WONCA aims to help organisations that represent GPs (like the Royal Australian College of General Practitioners), and particularly organisations in less developed countries, to strengthen the role and the recognition of family medicine within their countries. The network includes 132 member organisations from 110 countries, with a membership of 500,000 family doctors.
As Chair of the WONCA Working Party on Women and Family Medicine from 2009 to 2013, Professor Barnard collaborated with female doctors from all over the world to achieve organisational change within WONCA and the development of gender equity standards for scientific meetings and conferences.
“The changes to the WONCA by-laws and the standards for meetings led to structural changes within the organisations that make up the WONCA network.

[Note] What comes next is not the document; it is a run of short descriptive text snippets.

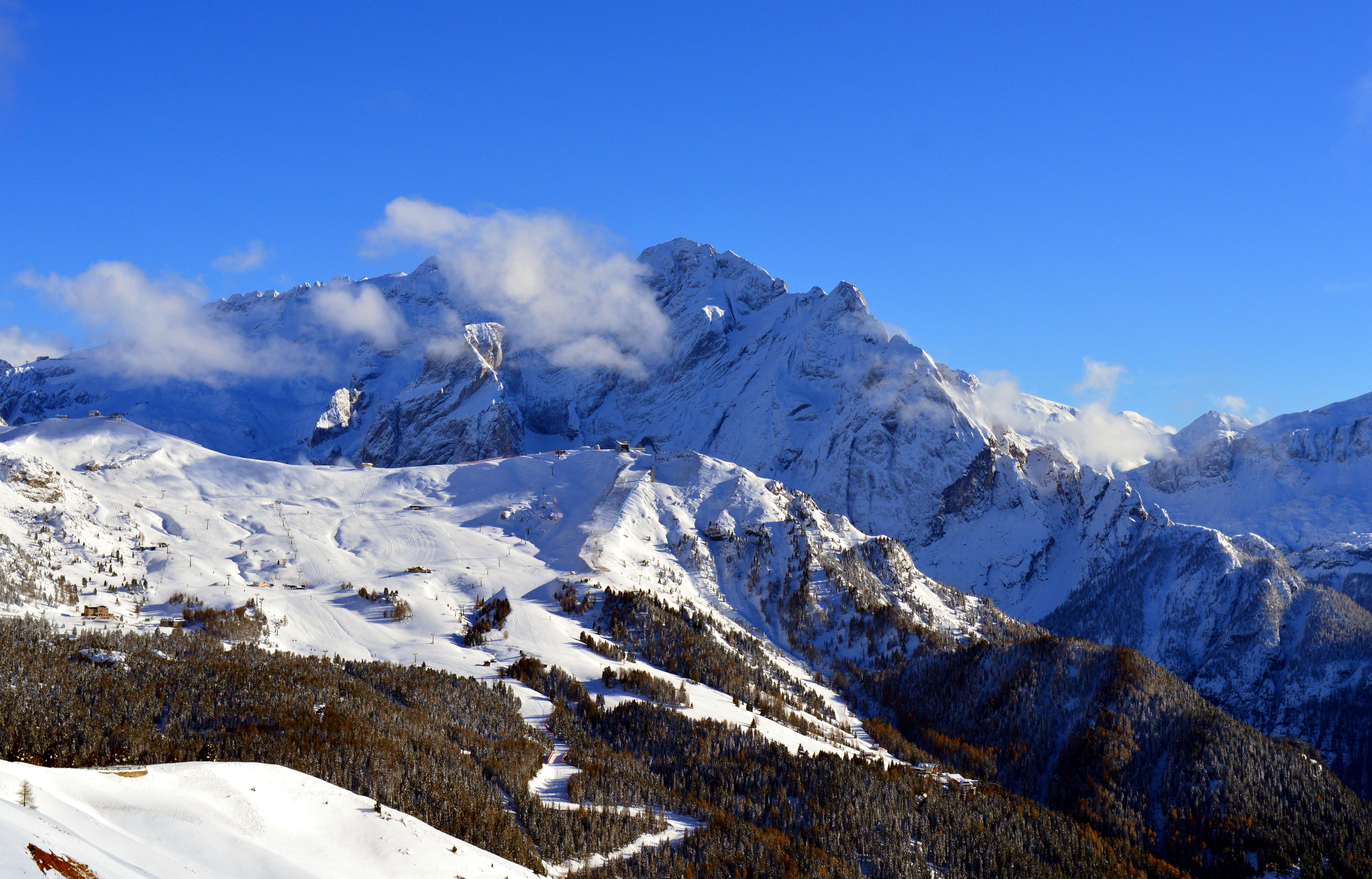 mountain peaks, beauty in nature, daytime, sella group, mountain, south tyrol, white, winter, day, blue sky, landscape, blue, nature, clouds, non-urban scene, HD Wallpaper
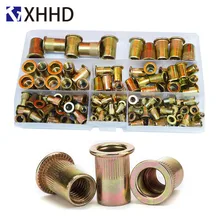 Flat Head Rivet Nut Metric Thread Nutsert Riveting Insert Nut Set Assortment Kit Carbon steel Zinc Plated M3 M4 M5 M6 M8 M10 M12 metric thread m3 m4 m5 m6 m8 m10 m12 304 stainless steel blind insert rivet nut rivnut brand new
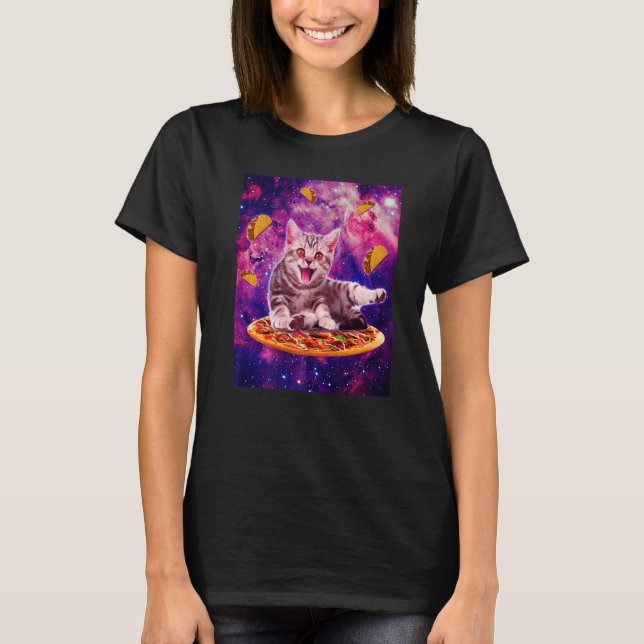 Camiseta Cat Riding Pizza In Space Galaxy Taco Kitten Cats  (Anverso)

This has opened opportunities for many female GPs allowing them to be involved in conferences, chair sessions and hold positions of leadership within their own organisations.”
“It’s sobering to learn about the gender equity challenges that some of these women doctors and their patients face in their countries. Knowing that the work we’ve collectively done to create change makes me very proud.”
For the outstanding contributions she has made to the organisation over the past 20 years, Professor Barnard will be recognised with a Fellowship award at this year’s WONCA Conference.
She’ll be in good company when she accepts the award and able to share the celebration with fellow Rural Clinical School colleague, Associate Professor Karen Flegg, who similarly will receive a Fellowship award for her exceptional service and dedication on the WONCA Executive, and as Editor of WONCA News.
Associate Professor Flegg, has also been announced as President-Elect and will take the reins of WONCA in October, 2023. Like Professor Barnard, she is setting her sights high and hopes to effect substantial change during her presidency.
“The vision of WONCA is to improve primary healthcare by supporting clinicians in general practice. If we can work towards achieving a family doctor for every family, we’ll be on the right track. Australia still has many communities where there is limited access to ongoing and consistent health care provided by a family doctor. We need to do better,” said Associate Professor Flegg.
ANU Medical School, Director, Professor Zsuzsoka Kecskes said, “We couldn’t be prouder of these amazing leaders and the contributions they make to ANU through their working relationships and networks.”
“Professor Barnard has been a role model to many female students and doctors over the years. Her work with organisations like the Australian Medical Council (AMC) where she is involved with several committees, the International Primary Care Respiratory Group (IPCRG), The Federation of Rural Australian Medical Educators (FRAME), and the National Asthma Council, to name just a few, demonstrate the reach, engagement and impact she has created during her career.”